◆ SOURCE DATA:
Segment Open
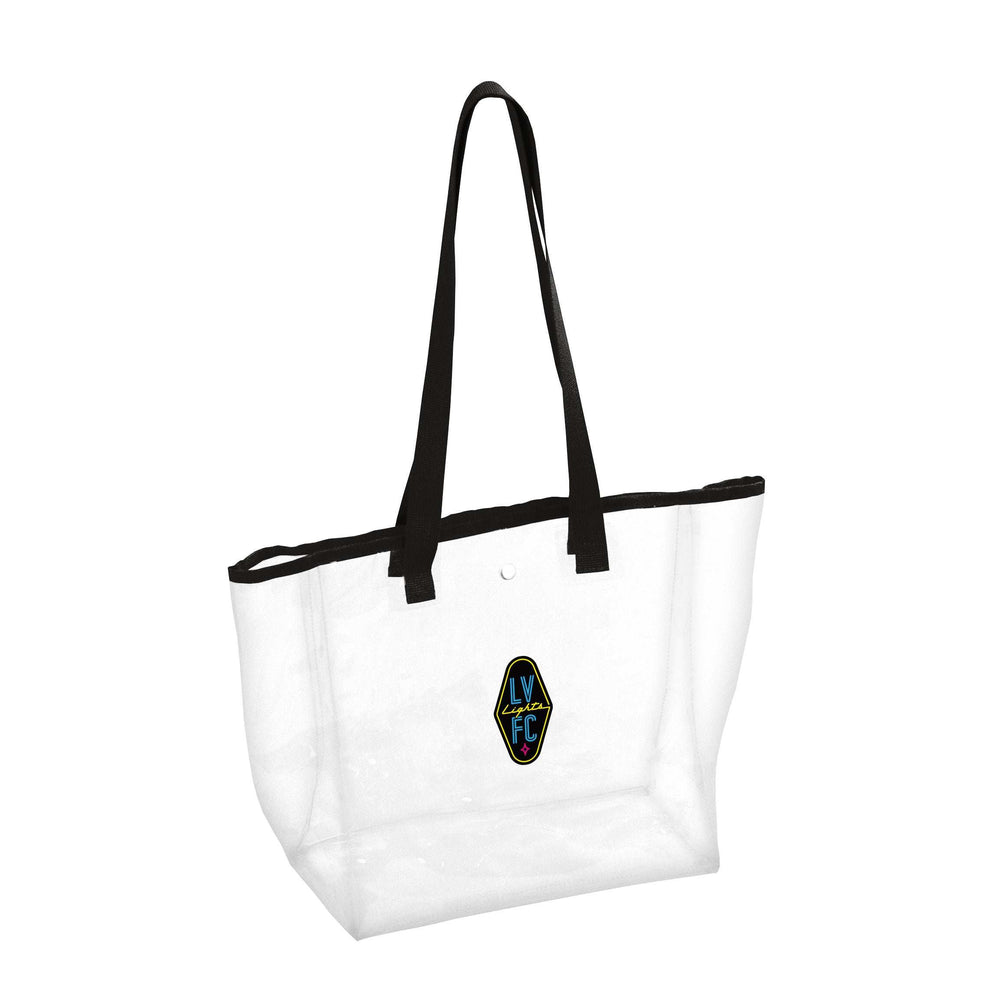 Las Vegas Lights FC Clear Tote - Logo Brands - Flyclothing LLC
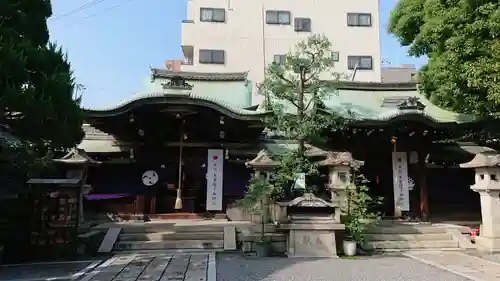 元祇園梛神社・隼神社の本殿・本堂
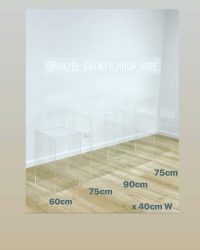 Acrylic Ghost Plinths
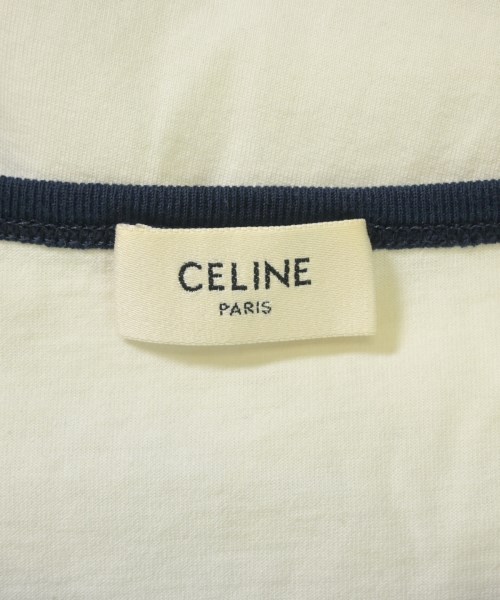 CELINE（セリーヌ）Tシャツ・カットソー 白 サイズ:M レディース/2200621745030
Segment Closed
◆ ACTIVITY: Could you write out verbatim only those lines that run from the line containing "Acrylic Ghost Plinths" through the end of the listing above, both included, without the pictures?

◆ WRITTEN REPLY:
 Acrylic Ghost Plinths
 CELINE（セリーヌ）Tシャツ・カットソー 白 サイズ:M レディース/2200621745030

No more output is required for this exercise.